=== TASK TO CARRY OUT ===
Could you retype the entries below exactly, omitting every picture?
*-*-*
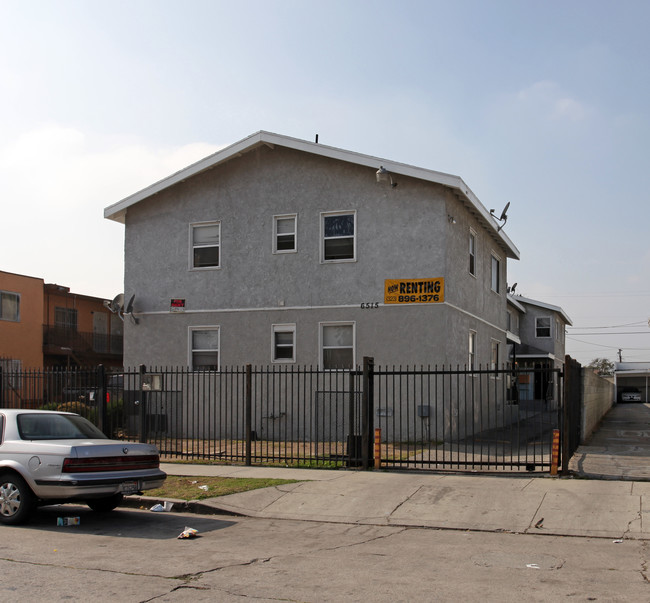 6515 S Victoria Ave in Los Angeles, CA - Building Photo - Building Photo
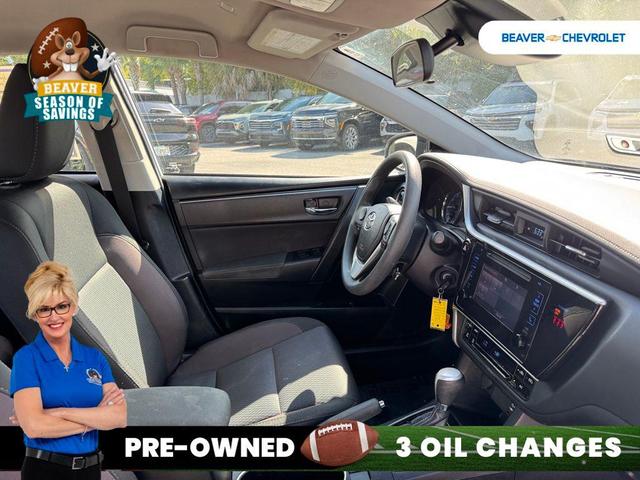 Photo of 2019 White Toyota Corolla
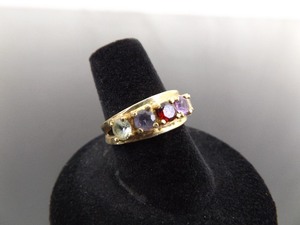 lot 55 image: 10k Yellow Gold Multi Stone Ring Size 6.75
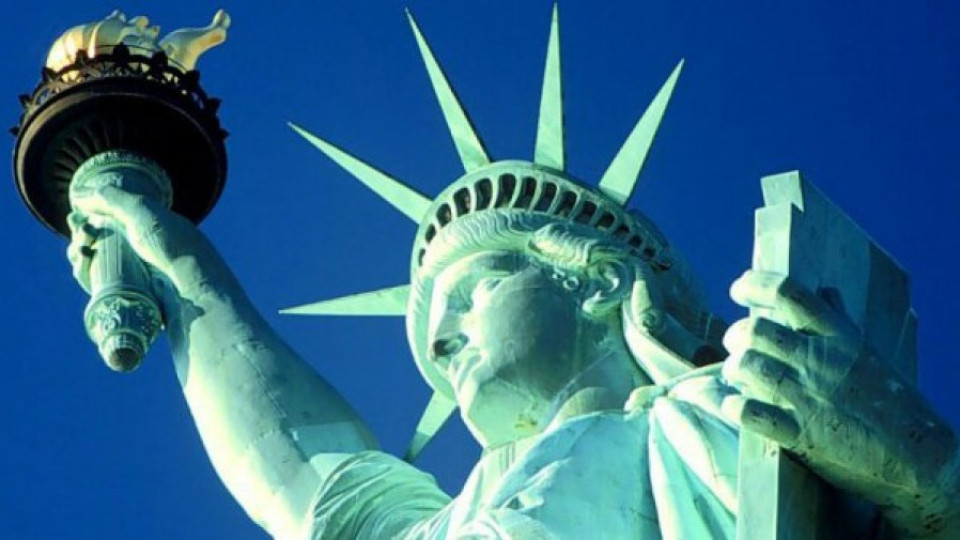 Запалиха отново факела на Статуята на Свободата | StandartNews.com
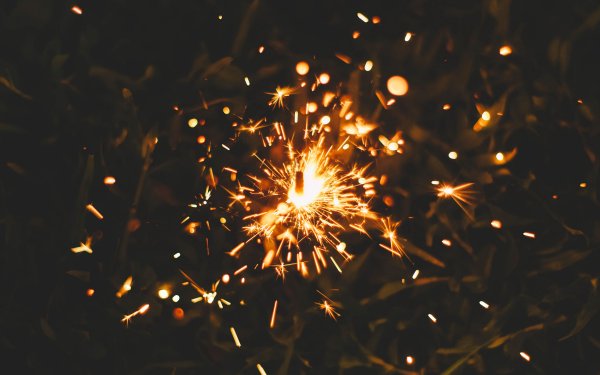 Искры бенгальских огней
*-*-*
=== SOLUTION TO THE PROBLEM ===
 6515 S Victoria Ave in Los Angeles, CA - Building Photo - Building Photo
 Photo of 2019 White Toyota Corolla
 lot 55 image: 10k Yellow Gold Multi Stone Ring Size 6.75
 Запалиха отново факела на Статуята на Свободата | StandartNews.com
 Искры бенгальских огней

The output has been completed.